Questo pomeriggio ho deciso di riparare una falla che avevo nella mia cultura letteraria e di leggere “Novecento” di Alessandro Baricco, libro che ha ispirato il film “La leggenda del pianista sull’oceano”. E devo dire di essere contento di aver letto la storia di Novecento.

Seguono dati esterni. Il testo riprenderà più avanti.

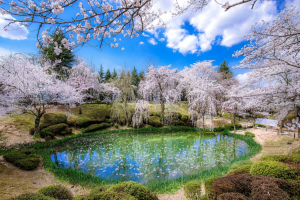 경북문화관광공사, 경북 관광 Four Season 50선 선정
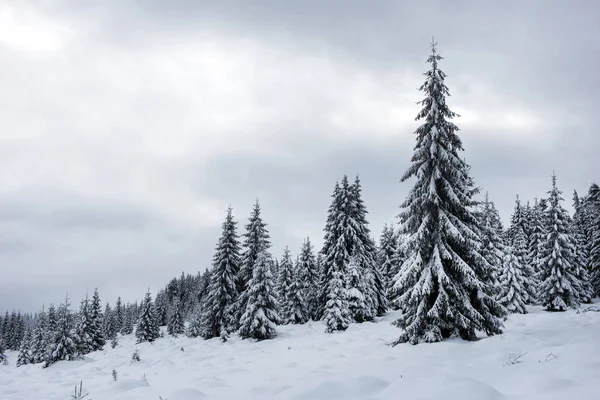Zauberhafte schneebedeckte Tannen in den Bergen — Stockfoto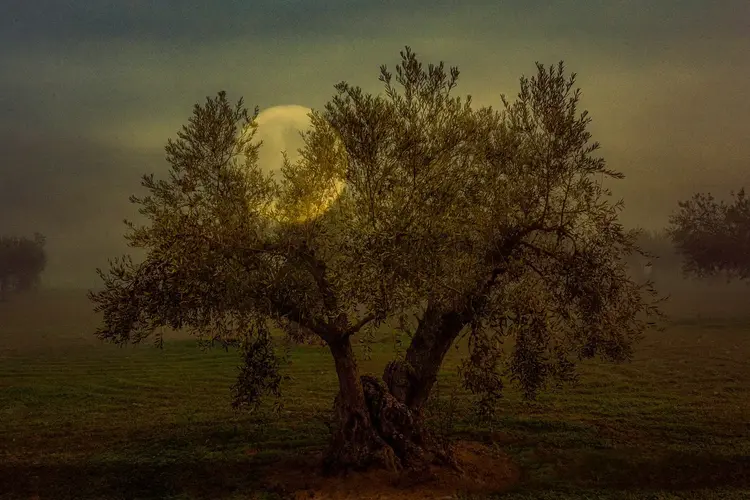 El cuento "El gigante", de Amador Aranda, se lleva el VI Premio Internacional de Relato sobre Olivar, Aceite de Oliva y Oleoturismo 2 Cosecha del 70 jpg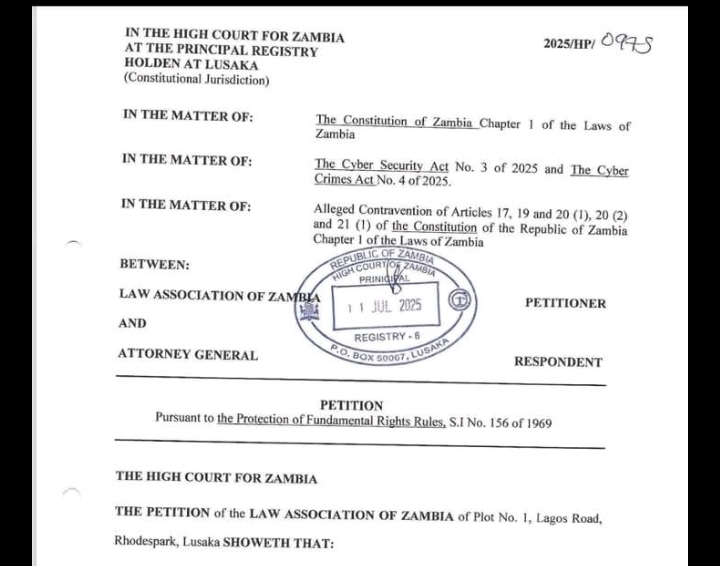 LAZ Petitions Against Cyber laws, They  are Unconstitutional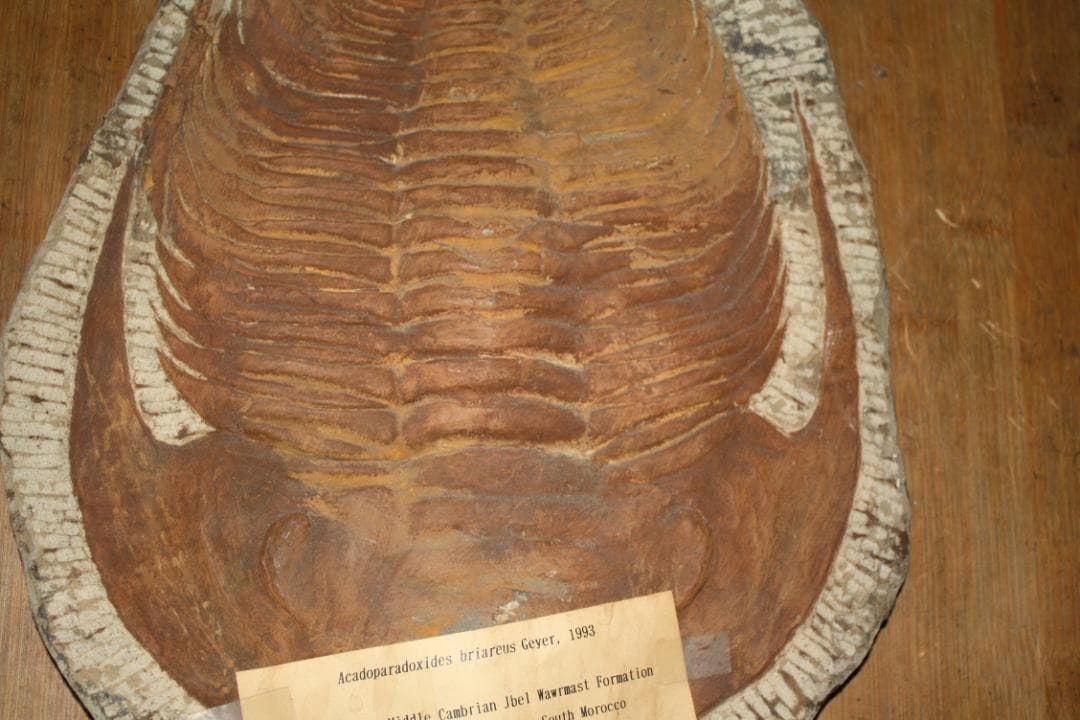 モロッコ産出 大型三葉虫 化石 アカドラドキシデス．ブリアレウス 現状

Dicevano una cosa strana. Dicevano: Novecento non è mai sceso da qui. E’ nato su questa nave, e da allora c’è rimasto. Sempre. Ventisette anni, senza mai mettere piede a terra. Detta così, ch’aveva tutta l’aria di essere una palla colossale…”. Invece era vero, Novecento da quella barca non ci era mai sceso. Era nato lì su un pianoforte e da quel momento era diventato un pianista. Il migliore. <<Una volta chiesi a Novecento a cosa diavolo pensava, mentre suonava, e cosa guardava, sempre fisso davanti a sè, e insomma dove finiva con la testa, mentre le mani gli andavano avanti e indietro sui tasti. E lui mi disse: “Oggi son finito in un paese bellissimo, le donne avevano i capelli profumati, c’era la luce dappertutto ed era pieno di tigri”. Viaggiava, lui>>. La vita di Novecento continua così, facendo la spola tra Europa e America, suonando sull’Oceano finché un giorno improvvisamente come un quadro che cade a terra decide di scendere dalla barca per vedere il mare.

Voto: 9

Giudizio personale: Non stiamo parlando di un libro, ma di un testo per un’opera teatrale, quindi l’analisi non può essere uguale a quella degli altri libri. Tuttavia l’ho trovato davvero sorprendente e ne volevo scrivere. La storia di Novecento è incredibile e il finale magnifico ci lascia molto da riflettere. (Non l’ho voluto riportare per non rovinare la sorpresa a qualcuno che non l’avesse ancora letto) La scrittura è asciutta, ma di una precisione incredibile. Non c’è mai una parola di troppo o una di meno, mai una stonatura, il vero pianista è Baricco.